Я сразу же позвонил по данному адресу и мне было отвечено, что все в порядке, ошибки никакой не произошло и что перечеркнутый красным карандашом материал не может быть напечатан ни в коем случае. На повторный вопрос Жиленкову и рассказ о том, что произошло, он ответил, что придется или отложить выпуск номера, или выпустить его с тем материалом, который одобрен, - разговоры по этому поводу по его словам, еще не окончены.
Мы всей редакцией просидели до поздней ночи и постарались сделать все, что было возможным, чтобы второй номер газеты получился уж не совсем уродливым. С грехом пополам как-то наскребли на восемь очередных страниц.
Второй сюрприз на следующий день был преподнесен издательством.
Передавая материал техническому редактору для верстки, я стою около стола и раскладываю набранные в гранки статьи, - это на вторую страницу, это на четвертую, седьмую, восьмую. Это можете поместить сзади, тоже на последнюю. Передовую и первую страницу я дам потом, они еще в цензуре. Он смотрит на меня с некоторым замешательством и говорит:
- А вы знаете, господином Амфлетом отдано распоряжение, что второй номер выйдет только на четырех страницах.
- Что за ерунда, и причем тут господин Амфлет? - отмахиваюсь я. Оказалось, что распоряжение такое было действительно дано.

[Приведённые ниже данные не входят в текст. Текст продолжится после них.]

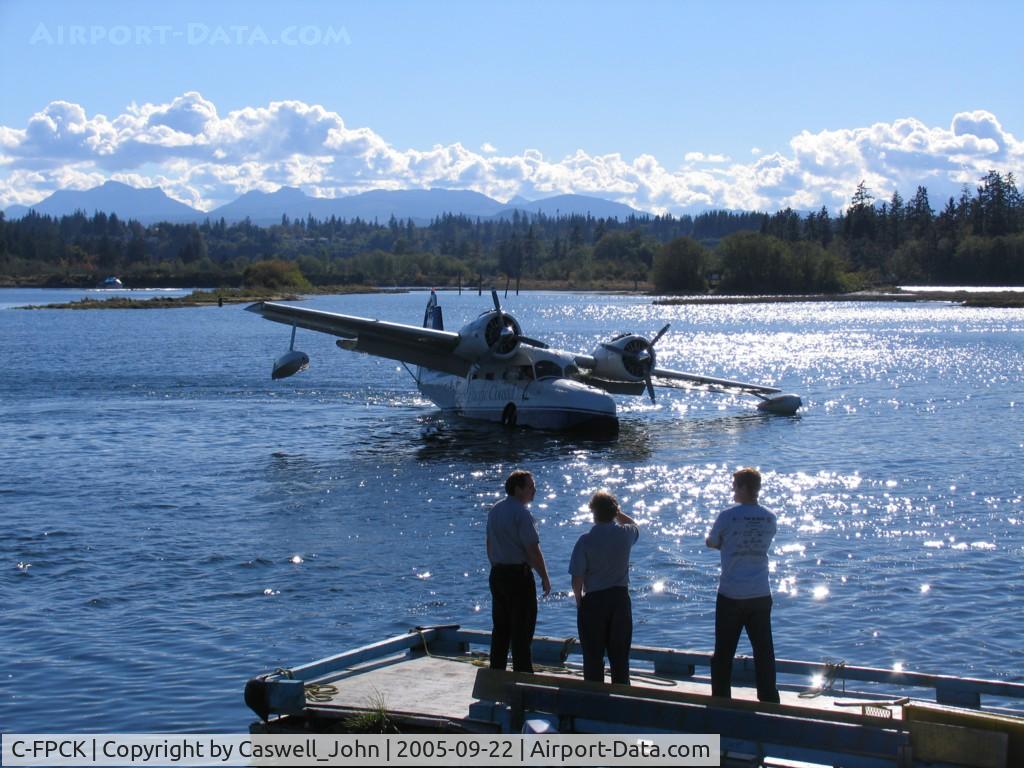 C-FPCK, 1942 Grumman G-21A Goose C/N 1187, Pacific Coastal Docking Campbell River, B.C. Spit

Я иду к Амфлету. В хорошо обставленном кабинете за столом сидит он. Но, Боже, как непохож он на того приятного господина, предупредительно улыбавшегося в течение первого разговора, каким я видел его в первый раз у Жиленкова и каким он был еще до вчерашнего дня.

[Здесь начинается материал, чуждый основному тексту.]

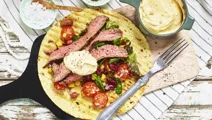 Grillad flankstek med sallad och chilibearnaise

- Слушайте, господин Амфлет, здесь какое-то досадное недоразумение, какая-то путаница происходит.
- А в чем дело? - настороженно спрашивает он. Рассказываю ему о полученных мною сведениях, о том, что будто бы кто-то распорядился о выходе номера на четырех страницах..

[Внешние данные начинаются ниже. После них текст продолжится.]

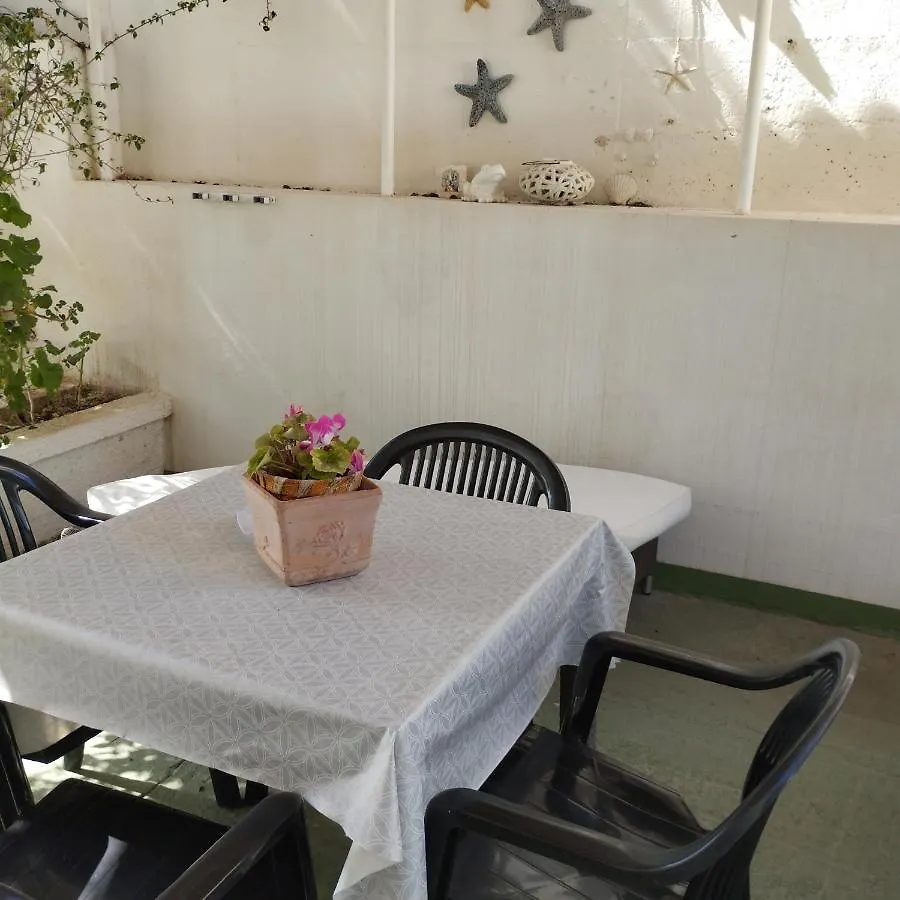 Guest House Oleandro Santa Maria Navarrese 0*,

- Нет, нет, все в порядке и никакой путаницы нет. Я действительно это сказал, так как мы решили выпускать газету четырехстраничной.
- Слушайте, господин Амфлет, если бы я не знал вас как человека серьезного, по крайней мере до сегодняшнего дня, и если бы мы с вами говорили о вещах не таких серьезных, я бы подумал, что вы мне рассказываете анекдот, и причем, по моему мнению, не очень остроумный.
Он сидит в кресле и смотрит на меня маленькими, сверлящими, злыми глазками в упор.
- Анекдота никакого нет. Вопрос о выходе вашей газеты на четырех страницах - вопрос решенный.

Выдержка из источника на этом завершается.